BROWN: Is there -- do you have any sense that baseball is overplaying its hand? It's basically saying you've got until the end of the year to give us the deal we bargained on or we're gone. Where are they going?

ZIMBALIST: I don't think there's any place for them to go, frankly.

Mayor Goodman is making noises and taking showgirls around from Las Vegas. But the interest in Las Vegas, the casinos in Las Vegas are used to rebuilding the whole world and paying for it privately. They're not interested in publicly funding a new stadium. So, he has a long political battle there. Las Vegas is not ready. Portland, Oregon, isn't ready. Mayor Katz hasn't been able to deliver there. The other places that have tried have not been able to advance a piece of legislation that says we're going to fund, fund publicly, or even mostly publicly fund a ballpark.

And besides all of that, Washington, D.C.'s a much better market than any of these other ones. So, look, Major League Baseball had reason to be angry right now. They did sign a deal, albeit they knew when they signed the deal that it had to be passed through the city council. And one of the reasons why they put the December 31 date on there was because they wanted this city council and not the next city council to vote on it.

But they did sign a deal. They expected the deal to be implemented. That was reasonable of them to expect that. For some reason, there was miscommunication or no communication between Mayor Williams and Linda Cropp. And the thing broke down. Right now, what baseball's trying to do is establish their bargaining leverage, take as hard a line as they can, and end up with the best deal that they can.

BROWN: Up or down in 10 seconds. Do you think baseball will come back to Washington or is this thing is going to blow up?

ZIMBALIST: I have to bet that it's going to happen, Aaron. I don't think there's anything else for them to do.

BROWN: Andy, there's no betting in baseball. Thank you.

(LAUGHTER)

BROWN: It's good to see you.

ZIMBALIST: You, too.

BROWN: Have a good holiday, Andy Zimbalist.

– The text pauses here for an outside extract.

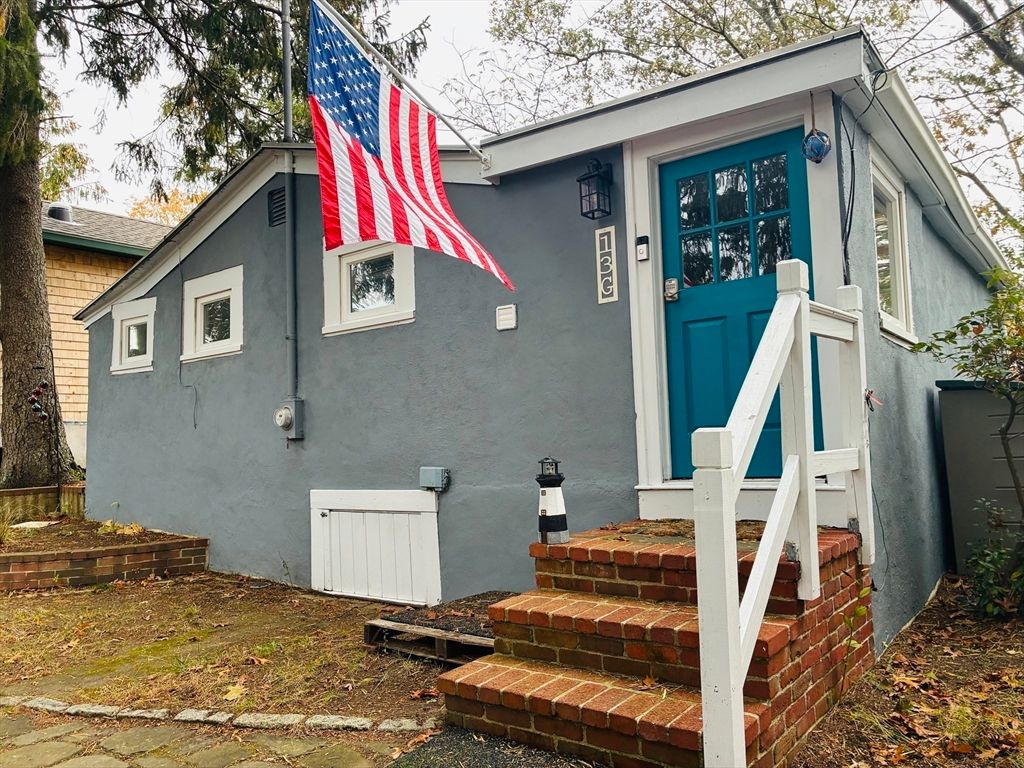 13 Hideaway Village G, Bourne, MA 02532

ZIMBALIST: Thanks. You, too.

BROWN: Still ahead -- oh, still ahead on the program, coming up at the top of the hour, here's what's next on CNN.

(BEGIN VIDEO CLIP)

LOU DOBBS, CNN ANCHOR: Coming up next here on CNN, Mexico, home to tens of thousands of millionaires, so why are millions of Mexican illegal aliens invading this country desperate to escape poverty? We'll have a special report and a great deal more at the top of the hour next on CNN.

(END VIDEO CLIP)

BROWN: That's what's coming up next on the network. Here's what's coming up next on NEWSNIGHT. Lewis and Clark looking for the Northern Passage. We'll see what they saw.

We'll take a break first.

(COMMERCIAL BREAK)

BROWN: Two hundred years after Lewis and Clark headed west from the Mississippi, the scenery has changed a bit, though not entirely, as photographer Brent Phelps discovered, panoramic camera in hand walking in their footsteps.

His work on display at the Amon Center Museum in Houston and here.

(BEGIN VIDEOTAPE)

BRENT PHELPS, PHOTOGRAPHER: The Lewis and Clark expedition was launched to explore those lands between Saint Louis, Missouri, and the Pacific Ocean. Most of that area was unknown at the time of Lewis and Clark. So, the purpose of the expedition was to explore those lands.

I was not trying to capture that 19th century perspective on how it looked when Lewis and Clark were there. I wanted to give an historical record of the changes that have come since. This is the view toward the original Fort Mandan site. And you can see there's a kind of a yellowish cloud in the background. That's actually a plume from a power generating station. The expedition spent the winter in this location with the Mandan and Hidatsa Indians.

The power plant today is built right on top of the location of the first Mandan village. This is the power plant that is built right on top of the Mandan village site. This is Mars that's tracking, actually setting down over the power plant. The monument is lit with the headlights of my truck. There was an eight-second exposure given for the monument. And then during the 1 1/2 hour exposure for the background, I turned the truck around and then stepped on the brake pedal to paint the foreground a slight pink cast from the taillights of the truck. And so I'm engaging in painting with light.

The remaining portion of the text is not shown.